Introduction

Hepatocellular carcinoma (HCC) is the fifth most common and the third most deadly malignancy worldwide [1]. An estimated 905,700 cases were diagnosed with primary liver cancer and 830,200 patients died from the disease worldwide in 2020 [2]. Cirrhosis is currently considered the main precancerous lesion of primary HCC, and cirrhotic patients with clinically significant portal hypertension (CSPH) are more likely to develop HCC [3]. Due to the dearth of efficient radical treatments, the long-term prognosis of HCC patients with CSPH is poor, with a 5-year overall survival (OS) being less than 50% [4]. Up to now, there has been no uniform guideline for the treatment of HCC with CSPH due to the complex conditions of the patients and the great difficulty of the surgery.

According to the Barcelona Clinic Liver Cancer (BCLC) staging classification, guidelines by the European Association for the Study of the Liver and the American Association for the Study of Liver Diseases concluded that surgical resection is not recommended for HCC patients with CSPH [5, 6]. In recent years, increasing reports have demonstrated hepatectomy as a feasible and effective treatment for HCC patients with CSPH [7, 8]. With the rapid development of laparoscopic techniques, laparoscopic hepatectomy (LH) has been widely applied in HCC patients. It exhibits a superior short-term prognosis, including less blood loss, lower complication rate, and shorter hospital stay, while a similar long-term prognosis, compared with traditional open hepatectomy (OH) [9, 10]. However, there is disagreement regarding the surgical and oncological outcomes of LH in HCC patients with CSPH [11,12,13,14,15], and its safety and efficacy also remain controversial.

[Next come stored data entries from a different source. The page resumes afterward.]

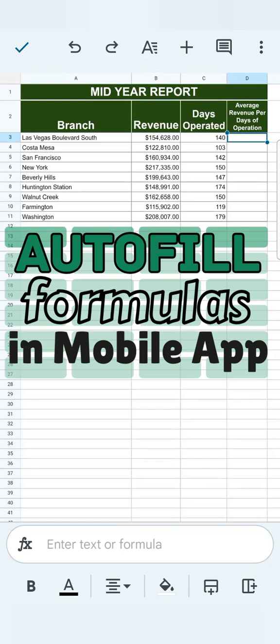In today's video, I'm going to show you how to autofill your formulas here in Google Sheets Mobile.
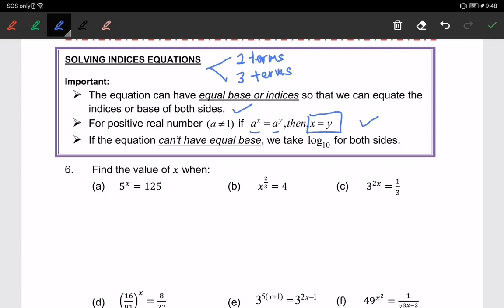Today we will cover solving two-term indices equations only. If the equation cannot have equal bases, we will take log for both sides — we will cover that later in the subtopic on logarithms. For now, we just need to compare the powers by making the base the same for the left-hand side and the right-hand side.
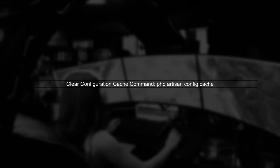Finally, if everything seems correct but the issue persists, consider clearing your configuration cache with the command PHP Artisan Config Cache. This ensures that your application is using the latest configuration settings.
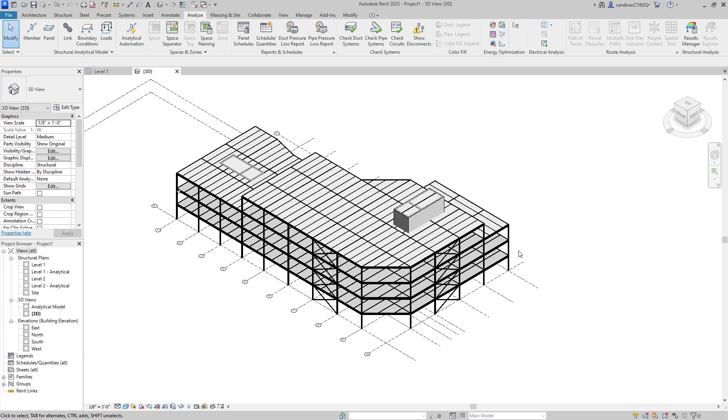So I've gone ahead and created a model here in Revit 2023 of a steel frame building. To transfer models from Revit 2023 into RISA, we're going to generate the analytical model by using the analytical automation tool.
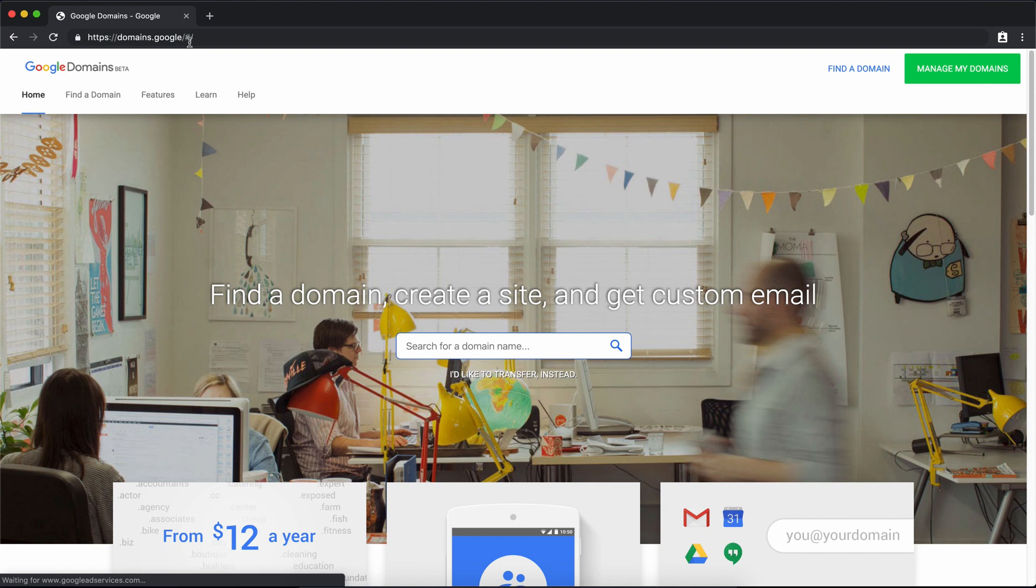I've purchased domain names from numerous hosts in the past including GoDaddy and I came to the conclusion that the best place to get your domain name is from Google Domains. Not only can you get a domain from Google Domains starting at just $12 a year but it comes with privacy protection built in.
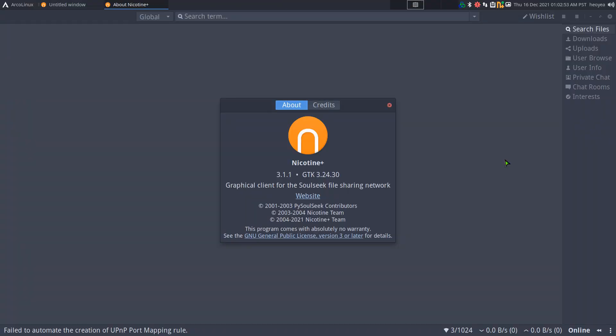This one's going to be on Soulseek. It is not a dating app — it is a P2P protocol, kind of like what Napster was back in the days, but this one actually survived all these years. I can't believe it survived over 20 years. They do have their own GUI client, but there's also Nicotine+, which is an open source client for the Soulseek protocol. The Nicotine folks did some reverse engineering to make this happen, since the original is closed source.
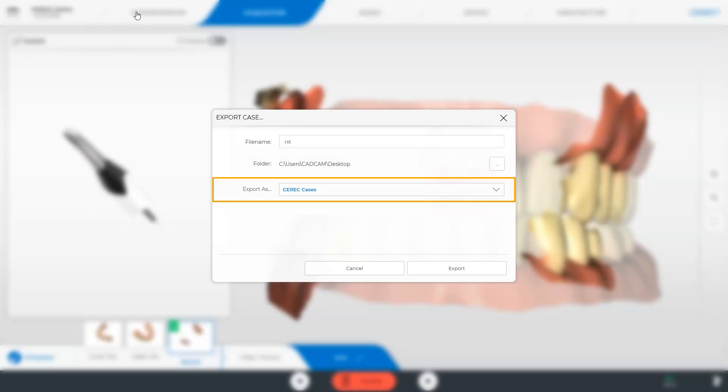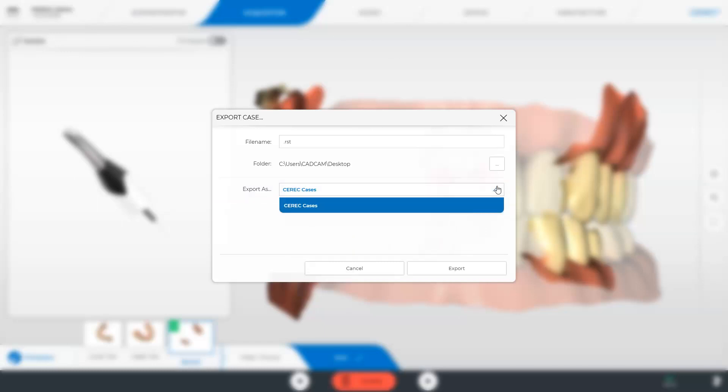Then you can export a CEREC case in the RST file format. This format includes only the scan data and no model data since the models are not correlated until we switch to the model phase. An RST file can be exported to any other CEREC software of the same software version or higher. By clicking export the process is initiated.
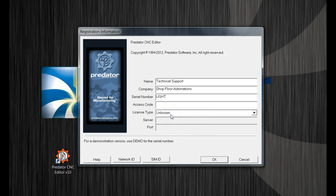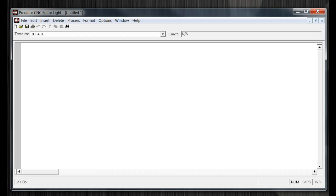Press OK. At this point, the Predator CNC Editor will launch in the appropriate light mode.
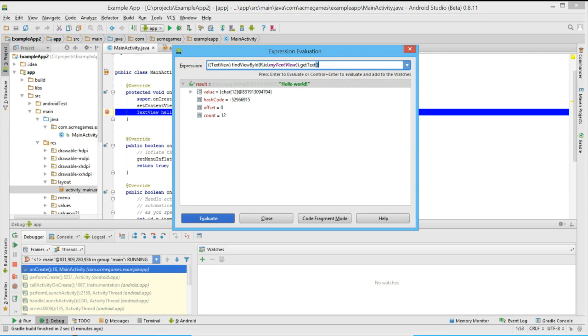That concludes our first look in the Android Studio and how to create our first Hello World application. In our next video, we will cover this section's lab exercise that will allow us to review the material we have learned in these previous lessons.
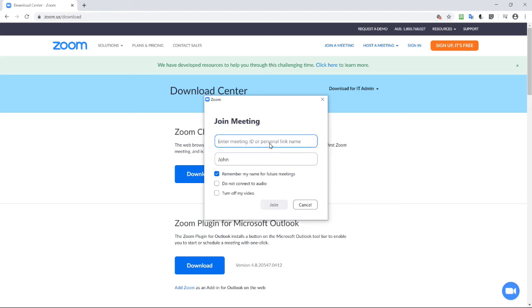So here is where you type in the meeting ID that's been sent to you by the host of the meeting. For example, once you've typed it in, just click on join.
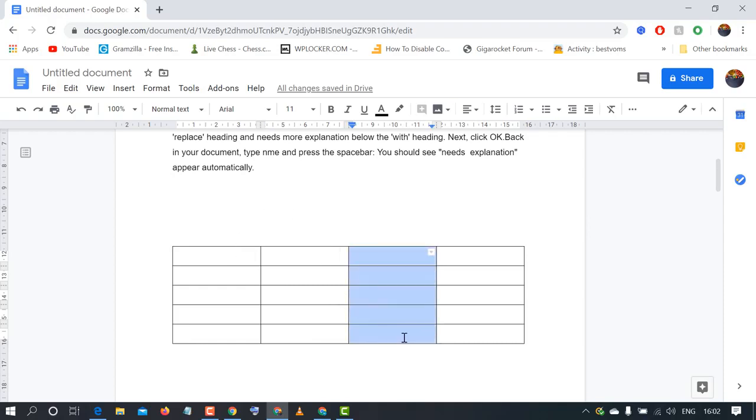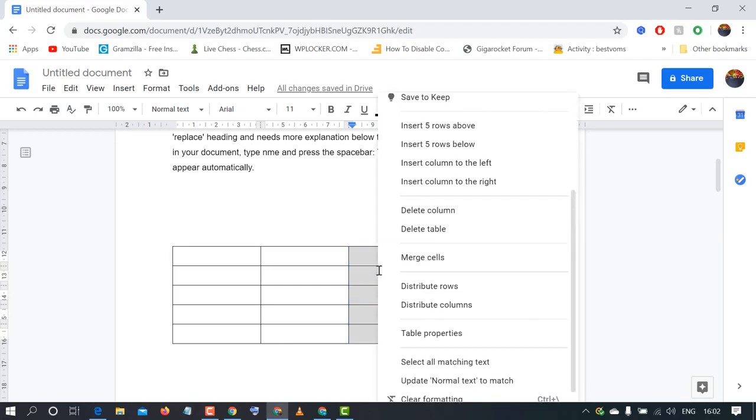Very simple. Select the column which you want to delete, and after that right-click and click on delete column.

To address these above issues, we conducted a meta-analysis to analyze the surgical and oncological outcomes of LH and systematically evaluate the safety and efficacy of LH in HCC patients with CSPH. Our study might provide high-level evidence for those patients during surgical decision-making.

Data and methods

The study followed the Preferred Reporting Items for Systematic Reviews and Meta-Analysis Statement (PRISMA) 2020 statement [16] and Assessing the Methodological Quality of Systematic Reviews (AMSTAR) guideline [17] (see Supplementary material for details). The review protocols were registered on PROSPERO (International Prospective Register of Systematic Reviews, number, CRD4202338799, https://www.crd.york.ac.uk/PROSPERO/display_record.php?RecordID=387,992).

Search strategy

The PubMed, EMBASE, and Cochrane library databases were systematically searched for articles published from inception to March 1, 2023, using Medical Subject Headings (MeSH) combined with other keywords. Search terms used were as follows: hepatocellular carcinoma; portal hypertension; laparoscopy; hepatectomy; liver resection; laparoscopic hepatectomy and laparoscopic liver resection. The search strategy was established to answer the following research question: In patients with HCC (population), compared with non-CSPH (intervention and comparison), how CSPH can affect the surgical and oncological outcome(s)?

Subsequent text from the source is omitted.